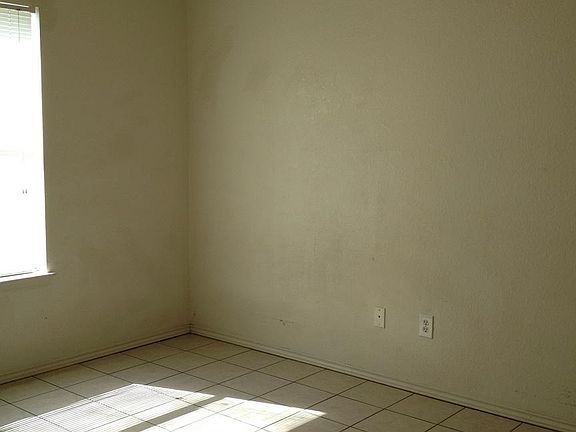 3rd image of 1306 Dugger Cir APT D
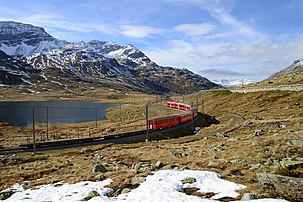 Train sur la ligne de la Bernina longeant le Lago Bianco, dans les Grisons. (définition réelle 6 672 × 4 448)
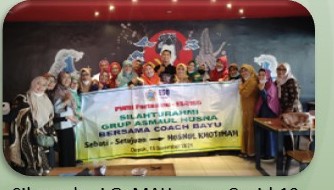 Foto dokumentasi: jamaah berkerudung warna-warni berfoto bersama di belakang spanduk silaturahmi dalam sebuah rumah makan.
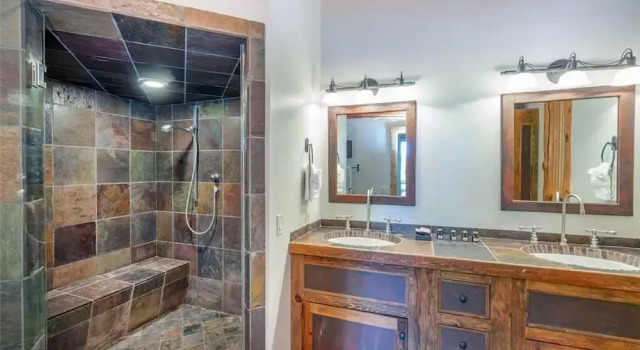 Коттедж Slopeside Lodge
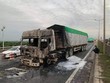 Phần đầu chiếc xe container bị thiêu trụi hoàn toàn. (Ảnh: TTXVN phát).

= = = =

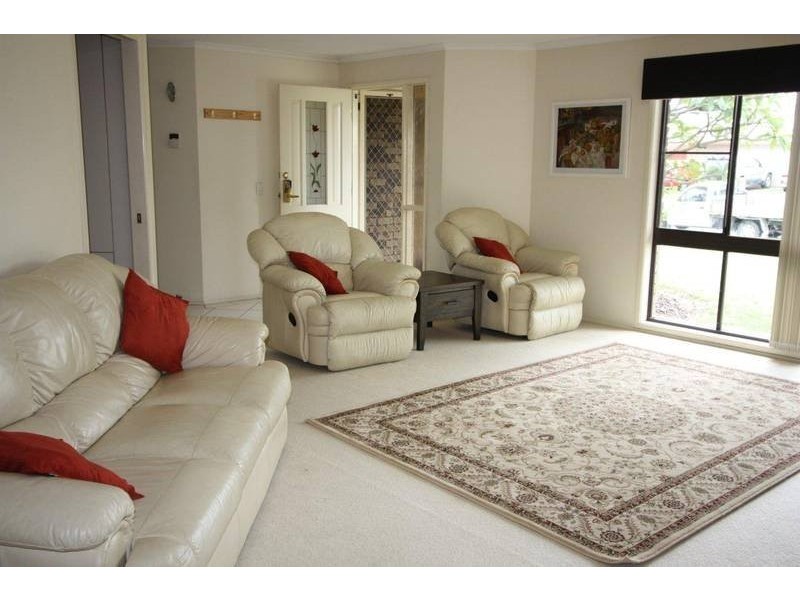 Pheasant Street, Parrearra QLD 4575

= = = =

**PROBLEM DESCRIPTION**. No picture is to be printed. Output exactly the lines above from the line containing "Train sur la" through the line containing "Phần đầu chiếc".

**RESPONSE AREA**.
 Train sur la ligne de la Bernina longeant le Lago Bianco, dans les Grisons. (définition réelle 6 672 × 4 448)
 Foto dokumentasi: jamaah berkerudung warna-warni berfoto bersama di belakang spanduk silaturahmi dalam sebuah rumah makan.
 Коттедж Slopeside Lodge
 Phần đầu chiếc xe container bị thiêu trụi hoàn toàn. (Ảnh: TTXVN phát).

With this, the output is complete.